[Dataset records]

============================================================

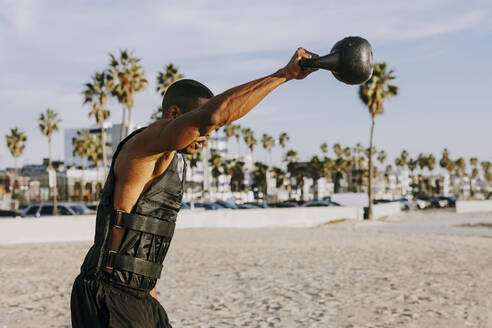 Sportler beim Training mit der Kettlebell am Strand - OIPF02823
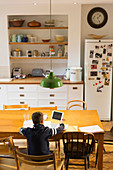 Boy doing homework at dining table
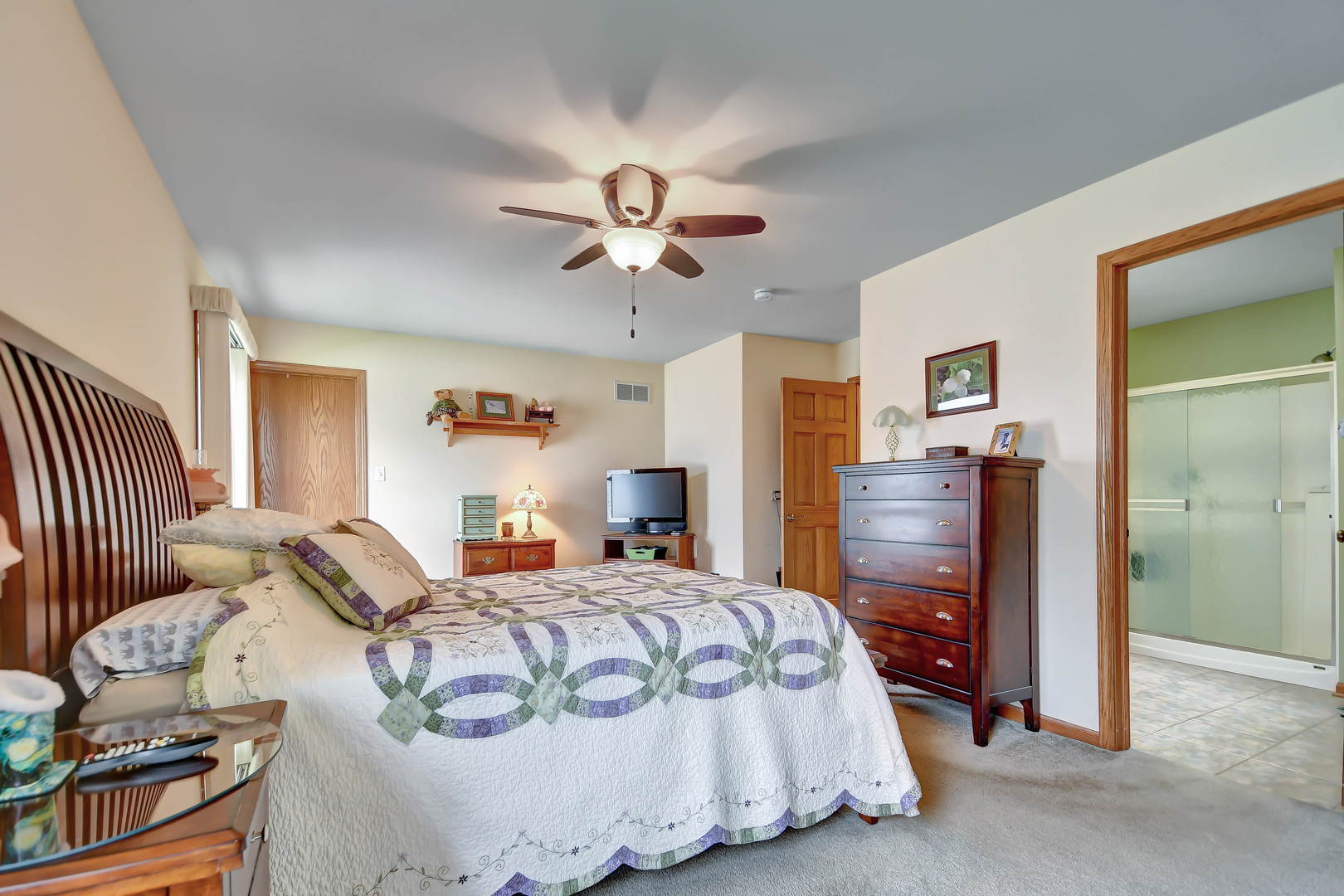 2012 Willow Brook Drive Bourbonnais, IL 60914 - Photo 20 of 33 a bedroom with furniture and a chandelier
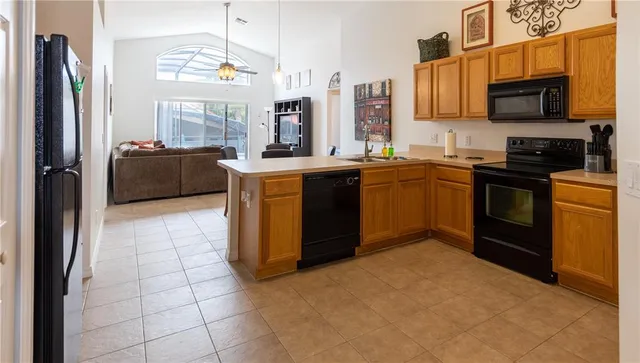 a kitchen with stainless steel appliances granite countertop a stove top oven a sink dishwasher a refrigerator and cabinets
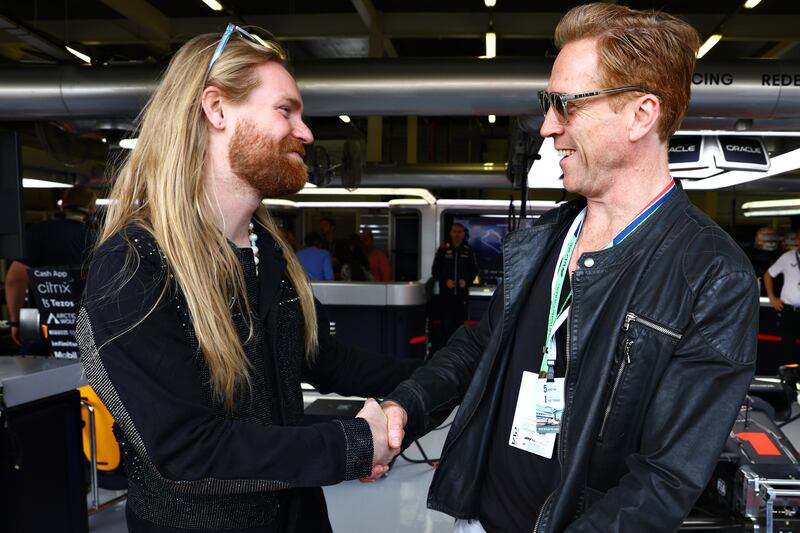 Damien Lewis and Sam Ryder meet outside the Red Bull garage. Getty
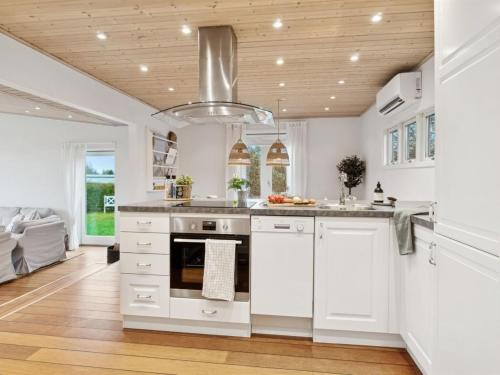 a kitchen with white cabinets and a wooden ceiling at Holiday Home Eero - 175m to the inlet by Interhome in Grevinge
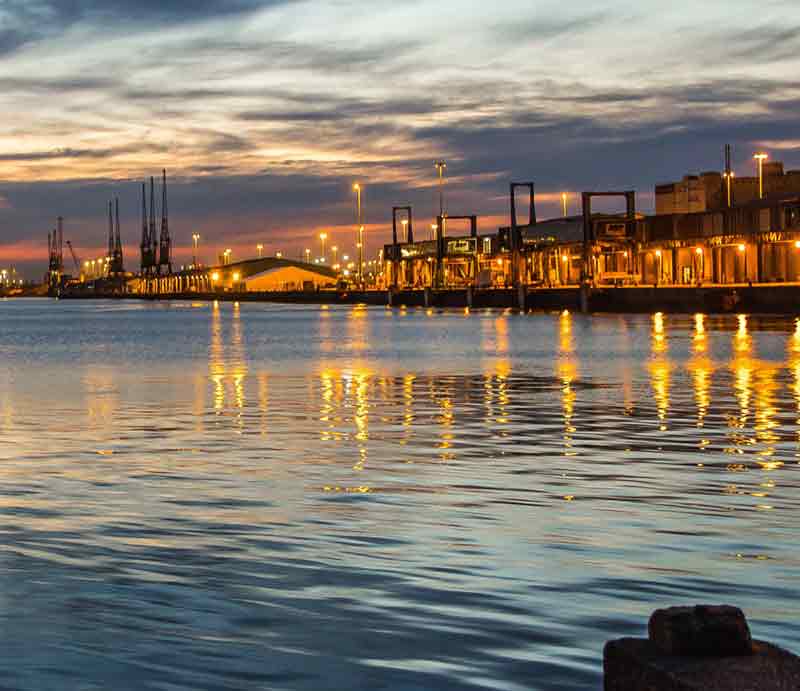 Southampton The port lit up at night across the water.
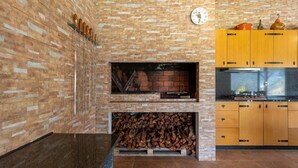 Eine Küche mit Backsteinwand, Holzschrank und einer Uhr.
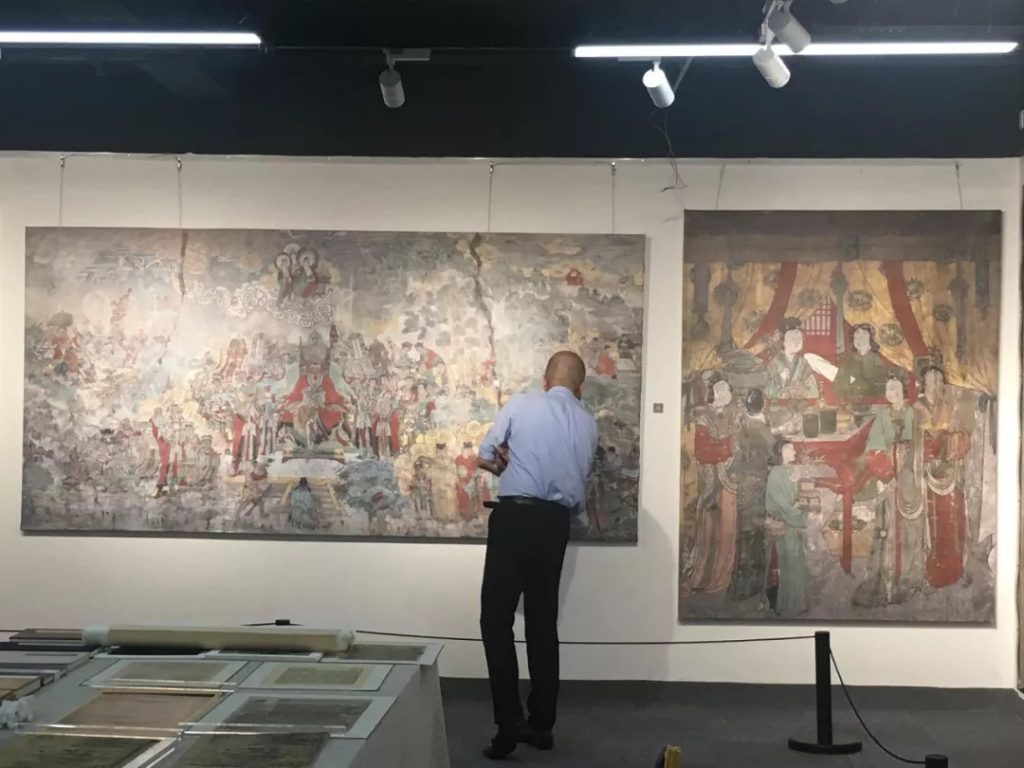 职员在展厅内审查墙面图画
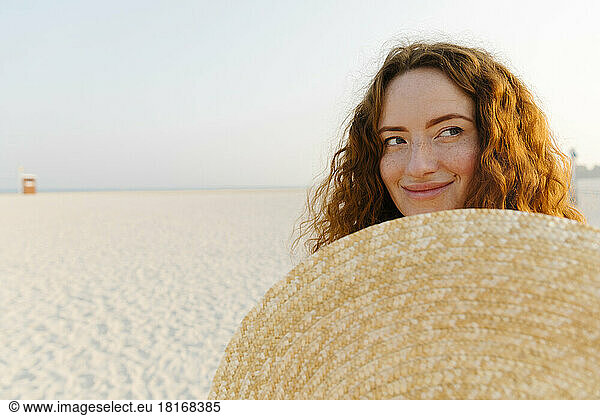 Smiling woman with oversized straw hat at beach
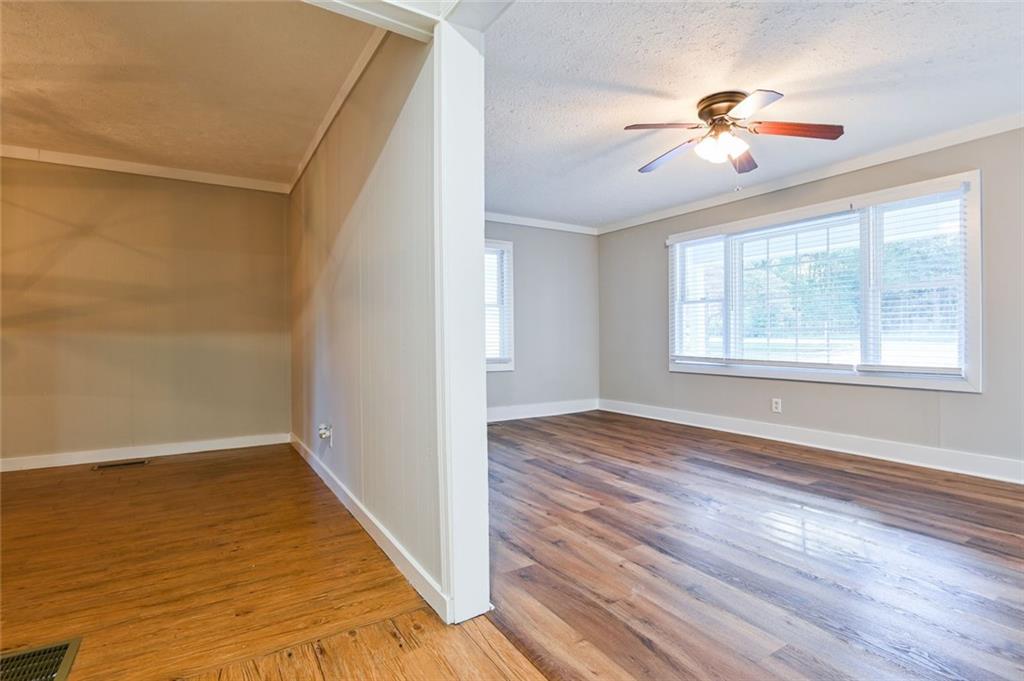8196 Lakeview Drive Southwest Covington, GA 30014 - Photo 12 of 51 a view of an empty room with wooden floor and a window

============================================================

PROBLEM STATEMENT → The result should be an exact retyped version of all the entries above, containing no pictures.

ANSWER BOX →
 Sportler beim Training mit der Kettlebell am Strand - OIPF02823
 Boy doing homework at dining table
 2012 Willow Brook Drive Bourbonnais, IL 60914 - Photo 20 of 33 a bedroom with furniture and a chandelier
 a kitchen with stainless steel appliances granite countertop a stove top oven a sink dishwasher a refrigerator and cabinets
 Damien Lewis and Sam Ryder meet outside the Red Bull garage. Getty
 a kitchen with white cabinets and a wooden ceiling at Holiday Home Eero - 175m to the inlet by Interhome in Grevinge
 Southampton The port lit up at night across the water.
 Eine Küche mit Backsteinwand, Holzschrank und einer Uhr.
 职员在展厅内审查墙面图画
 Smiling woman with oversized straw hat at beach
8196 Lakeview Drive Southwest Covington, GA 30014 - Photo 12 of 51 a view of an empty room with wooden floor and a window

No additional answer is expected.